A NEW bioinformatics study has identified the FAM72 gene family as a powerful prognostic marker in hepatocellular carcinoma (HCC), with high expression linked to more advanced disease and poorer survival.
Using The Cancer Genome Atlas (TCGA) and multiple external validation cohorts (ICGC and three GEO datasets), Kong and colleagues systematically analysed expression of FAM72A–D in liver cancer. All four genes were markedly upregulated in tumour tissue versus normal liver and were strongly associated with higher TNM stage, poorer histological grade, and worse overall prognosis. Diagnostic performance was high, with AUCs of 0.88–0.94 for distinguishing tumour from normal tissue.

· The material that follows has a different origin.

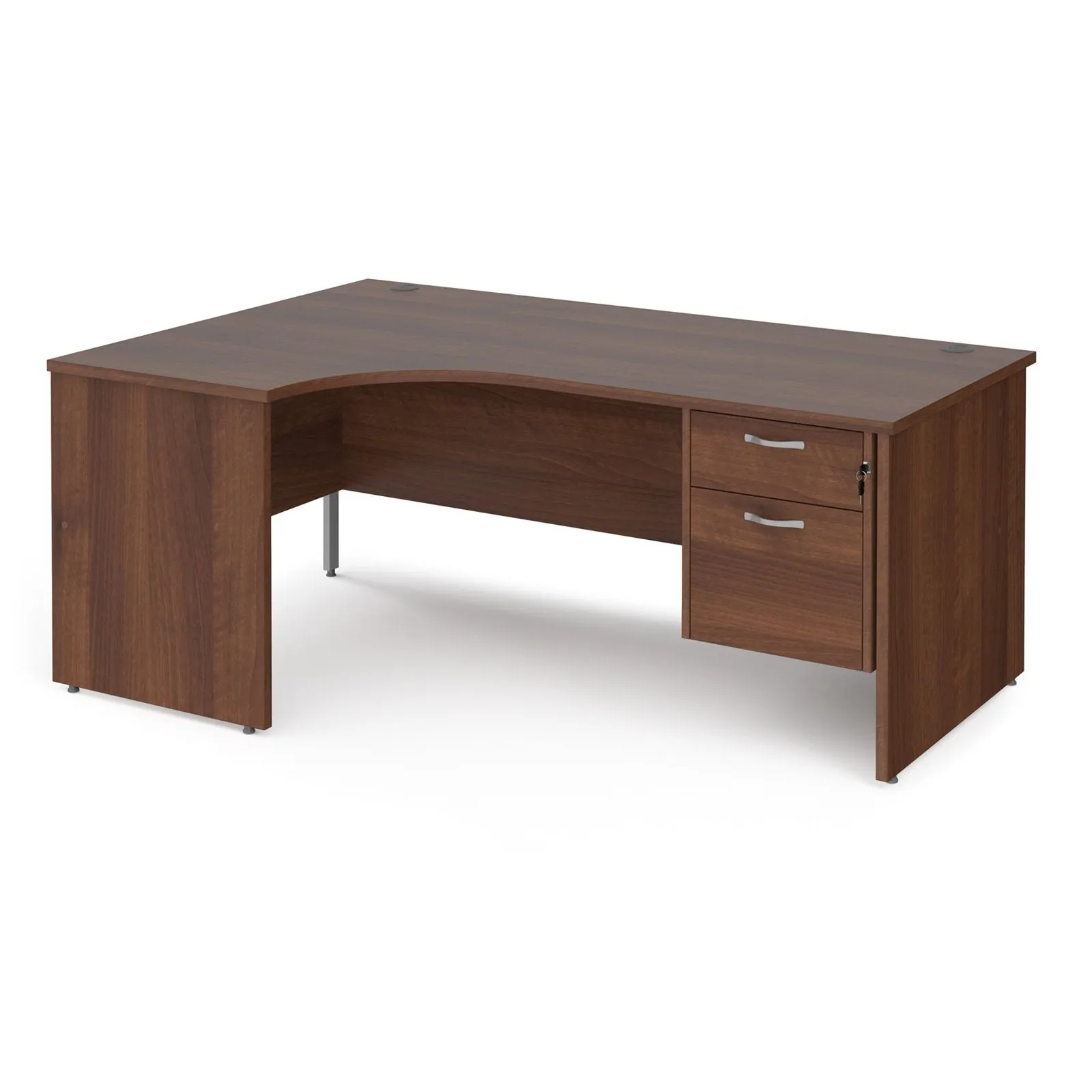 Maestro 25 panel leg left hand ergonomic desk with 2 drawer pedestal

Two-Gene FAM72 Score Outperforms Existing Models
The team went further to build a concise FAM72-based risk score. Mutations in FAM72A–D were common (up to 17%) and associated with reduced overall survival. A simple two-gene signature (FAM72A and FAM72D) robustly stratified patients into high- and low-risk groups across five independent cohorts, with time-dependent AUCs generally >0.63 and a concordance index superior to ten previously published multi-gene HCC prognostic models, despite using far fewer genes.

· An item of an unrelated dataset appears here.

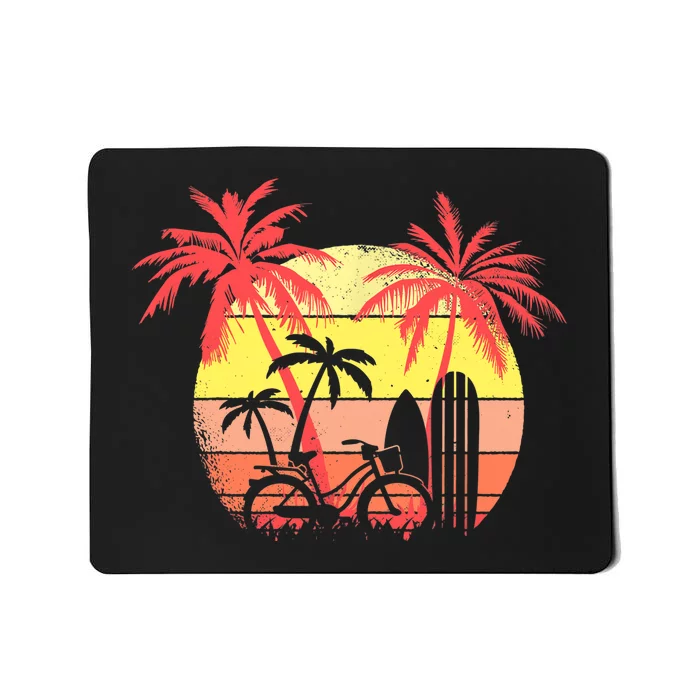 Summer Bike Surf Board Palm Summer Sunset 80s Palm Mousepad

Single-cell RNA sequencing showed FAM72B–D were enriched in proliferating T cells, while FAM72A also appeared in myeloid and endothelial compartments, hinting at roles in both tumour cells and the immune microenvironment. High FAM72 expression and high FAM72 risk scores correlated with altered immune infiltration, including shifts in T-cell subsets and higher expression of immune checkpoints such as PDCD1, CD274, CTLA4, HAVCR2, ICOS, and TIGIT, features that could inform immunotherapy strategies.
Copy-number variation, rather than promoter methylation, emerged as the main driver of FAM72 overexpression. Pathway analyses linked the high-risk FAM72 signature to cell-cycle control, DNA repair, and MYC-related programmes, consistent with a role in tumour proliferation and genomic instability.

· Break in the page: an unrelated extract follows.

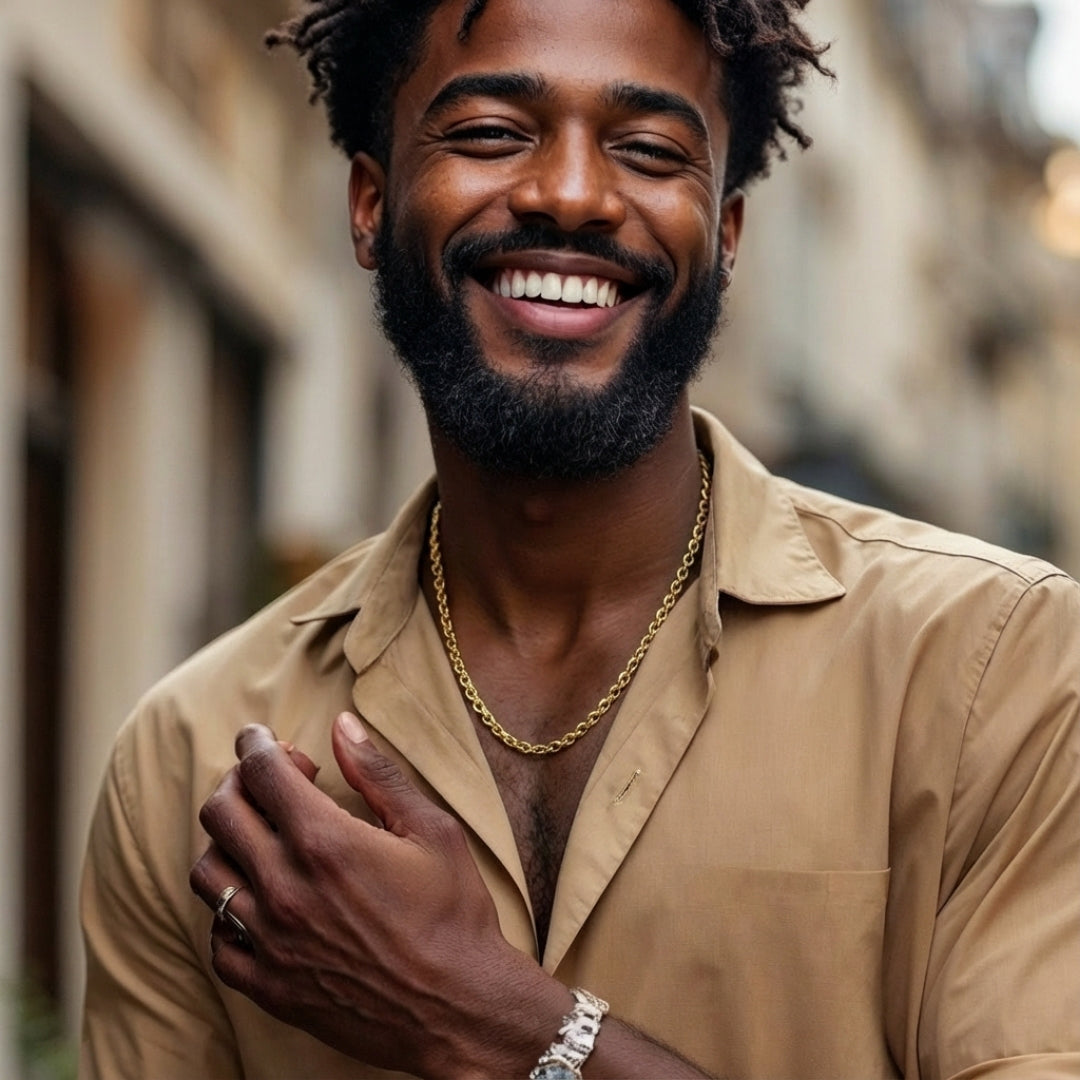 Chaine homme Forçat maillons ovales unis dore chemise mode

The authors conclude that FAM72A–D are promising diagnostic and prognostic biomarkers in HCC, and that the streamlined FAM72 risk score could support risk stratification and future immunotherapy decision-making.
Reference
Kong W et al. Systematic analysis of the expression profiles and prognostic values of the FAM72 family in liver cancer. Biochem Biophys Rep. 2025;DOI:10.1016/j.bbrep.2025.102358.